Signaling where to letterspace is done with the mentioned attributes. There can be
many of them and they behave like fonts: they obey grouping, travel with the nodes
and are therefore insensitive for box and page splitting. They can be set at the
\TEX\ end but needs to be handled at the \LUA\ side. One may wonder what kind
of macro packages would be around when \TEX\ has attributes right from its start.

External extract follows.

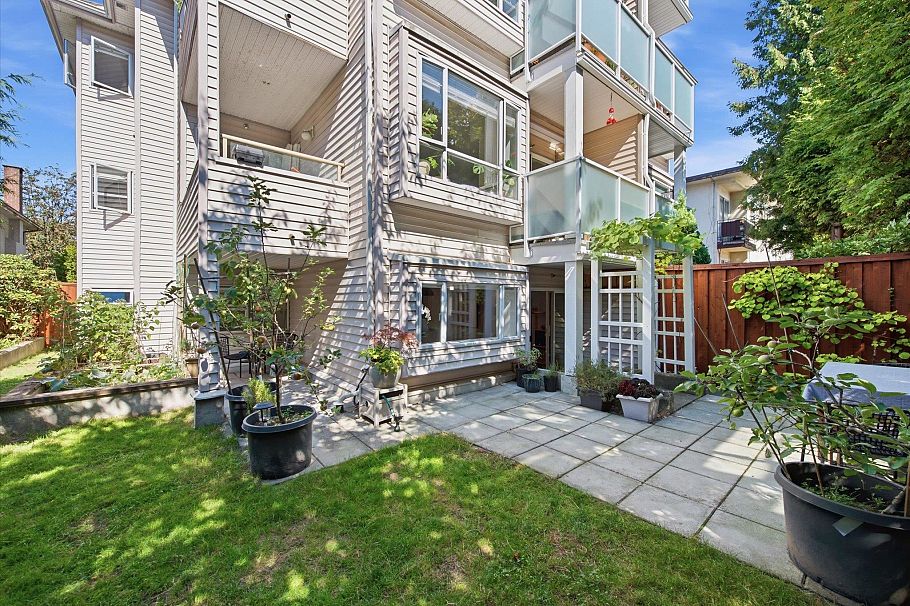 102 788 E 8th Avenue Vancouver, BC - 1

In \MKII\ letterspacing is handled by parsing the input and injecting skips.
Another approach would be to use a font where each character has more kerns or space
around it (a virtual font can do that). But that would not only demand knowledge of
what fonts need that that treatment, but also many more fonts and generating them is
no fun for users. In \PDFTEX\ there is a letterspace feature, where virtual fonts
are generated on the fly, and with such an approach one has to compensate for the
first and last character in a line, in order to get rid of the left- and
rightmost added space (being part of the glyph). The solution where nodes are
manipulated does put that burden upon the user.

Another example of node processing is adding specific kerns around some punctuation
symbols, as is custom in French. You don't want to know what it takes to do that
in traditional \TEX, but if I mention the fact that colons become active characters
you can imagine the nightmare. Hours of hacking and maybe even days of dealing with
mechanisms that make these active colons workable in places where colons are used
for non text are now even more wasted time if you consider that it takes a few lines
of code in \MKIV. Currently we let \CONTEXT\ support both good old \TEX\
(represented by \PDFTEX), \XETEX\ (a \UNICODE\ and \OPENTYPE\ aware variant) and
\LUATEX\ by shared and dedicated \MKII\ and \MKIV\ code.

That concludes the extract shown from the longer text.